Accidents are not meant to happen, but they happen anyway. From the outside looking in, watching the accident as it happens, it can sometimes seem less of an accident and more a twist of fate.
There was a terrible ice storm that hit Toronto years ago – not the one where the mayor called in the army, but one a few ice storms after that. Stephen and I had decided to drive back into the city after visiting my parents about hour or so away. The storm was gentle at first, just but a touch – a whisper really – of inclement weather that seemed innocent enough, weak enough, fleeting enough.
But then. Well.
But then it was too late.
Slowly, imperceptibly and then all at fucking once, the highway became slick with snow and ice; the highway was a waterslide, a slough of cold, wet malice. We inched along, pumping the brakes as we skidded here & there, to & fro, as side became front became side became back & front again, as we lost track of the lanes, as we lost all sense of direction and any semblance of hope.
All around us, cars, vans and trucks crashing into each other, skidding at wicked angles down wrong lanes, striking the median with their bumpers and hoods, plunging into ditches.
And yet somehow we made it. Whole, without one scratch, through the melee traffic. Not one scratch, despite the calamity, the sheer inevitably of it for everyone else, anyone else at all but us.
2. The bird darted out of the woods and smacked into the grill of the car so hard and so suddenly that it took a full moment to register what had happened, even as the windshield was showered by a burst of blue, white and black feathers. There was also some blood, but not as much as you might think. Just flecks. Nothing outwardly incriminating.
My field director was driving and all he could say at first was, “Huh.”
Pulling the car over to the side of the road allowed us to fully realize what had happened. It’s almost worse than I can tell: the bird had melded with the grill of the car. It was as if one had become the other.
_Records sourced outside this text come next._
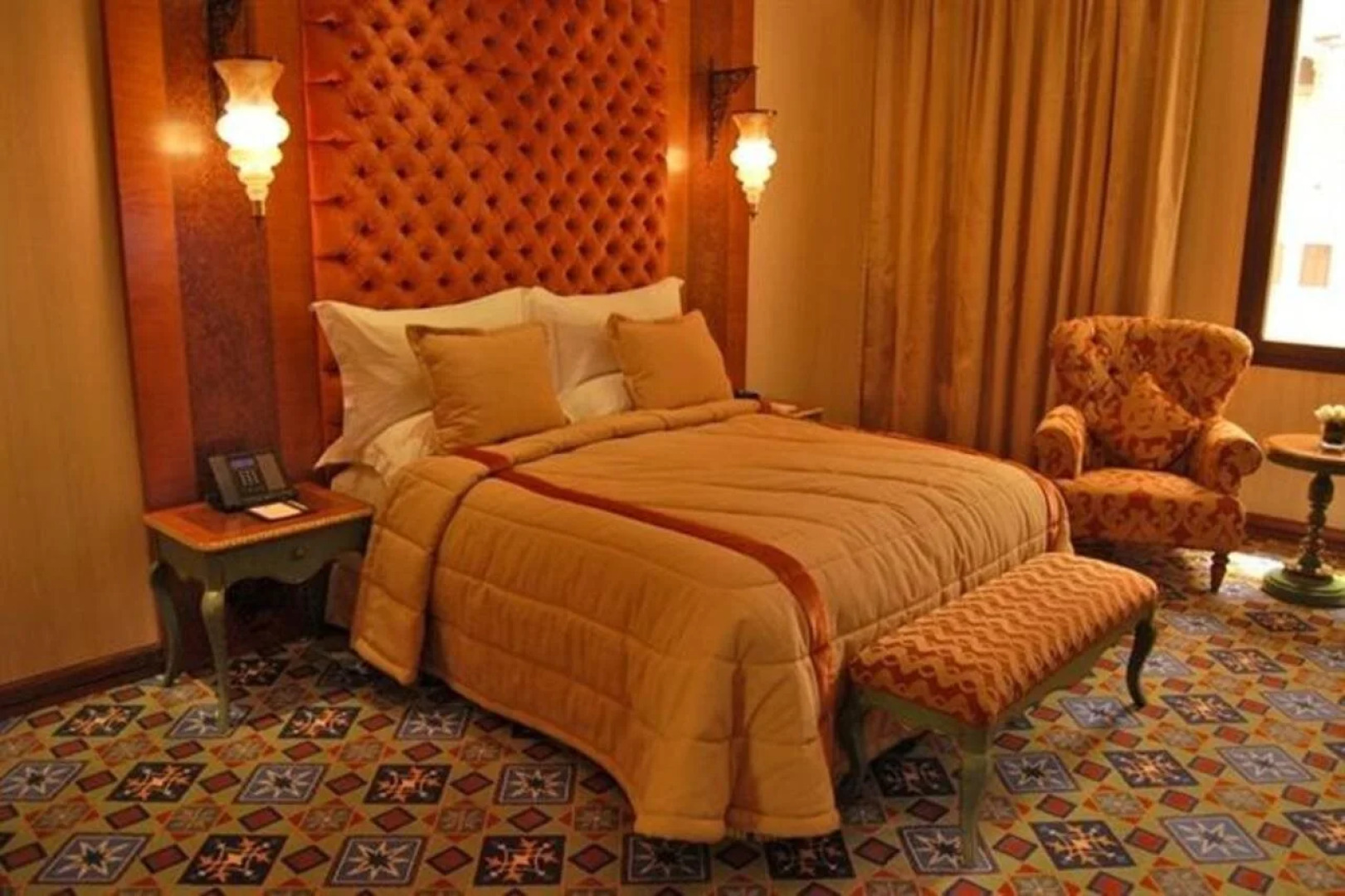 Mushereib Boutique Hotel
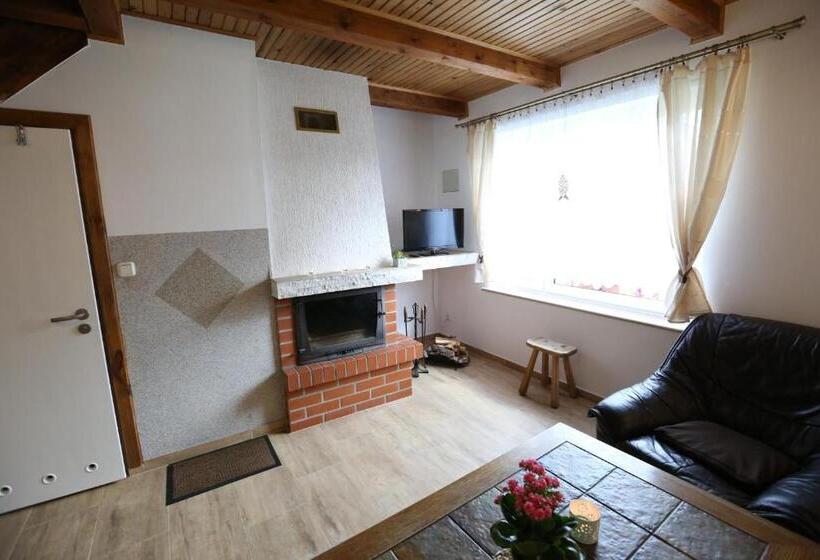 Отель Agroturystyka Pod Pstrągiem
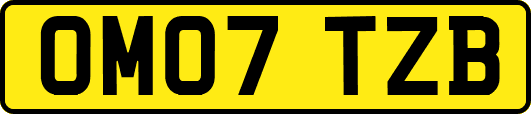 OM07TZB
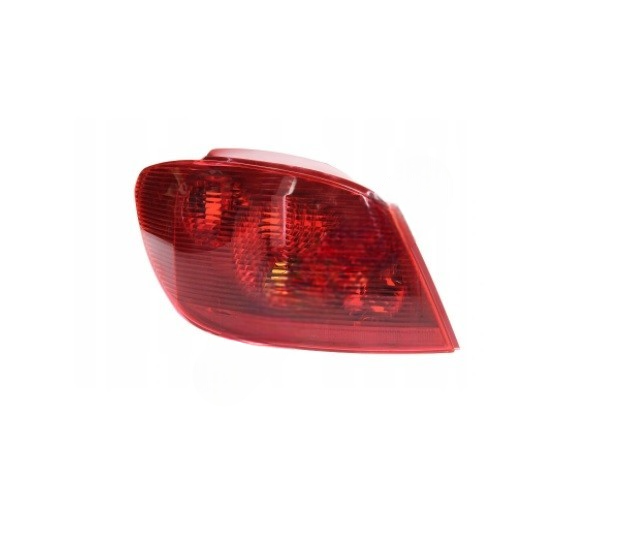 Peugeot 307 Hb Stop Lambası Sol Pleksan
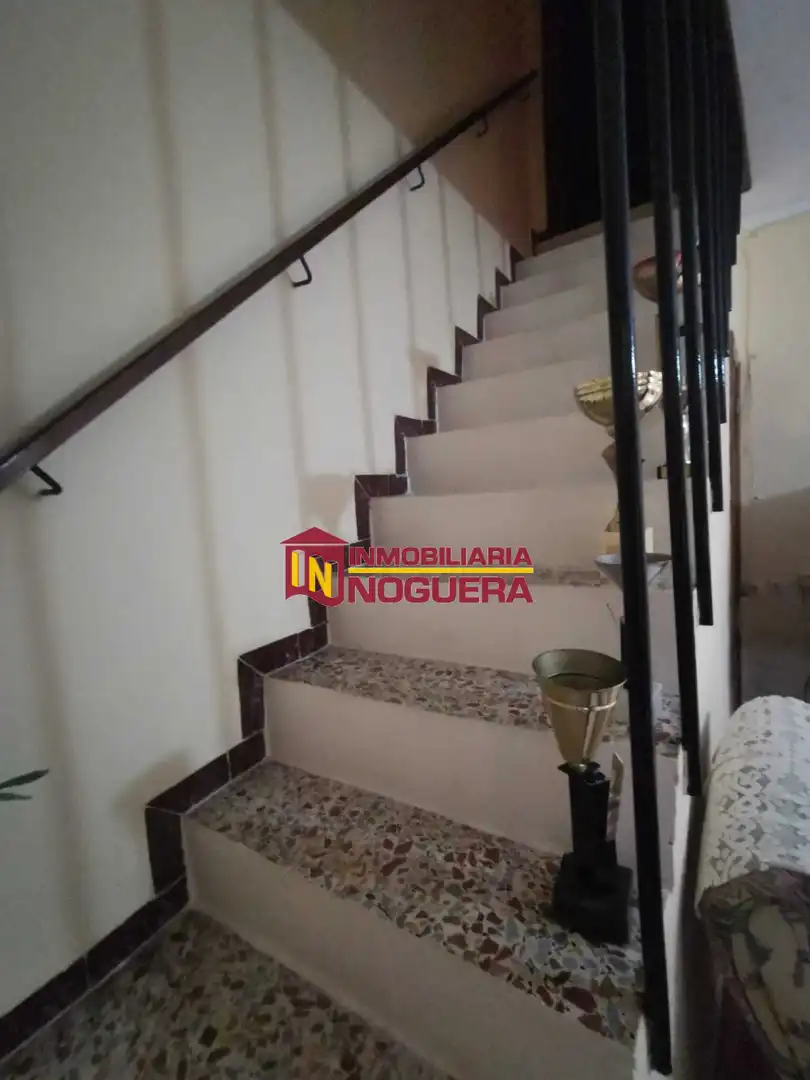 Casa o chalet en venta en La Luisiana con Jardín privado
They had become inseparable, the car and, of all things, a Blue Jay. Rare enough to see one of those these days.
It could have hit any car, but it hit ours. It could have hit any car, so it hit ours.
Feathers of blue, white and black against chrome. Any car, really, there were so many out on the road that day. Or maybe even none at all. If only.
What kind of a luck is that? What events or factors or circumstances, like the planets above, had to align for that poor bird to so inelegantly thwack against a random/not so random car.
So many things.
Too many things to count, that are, finally, worth counting.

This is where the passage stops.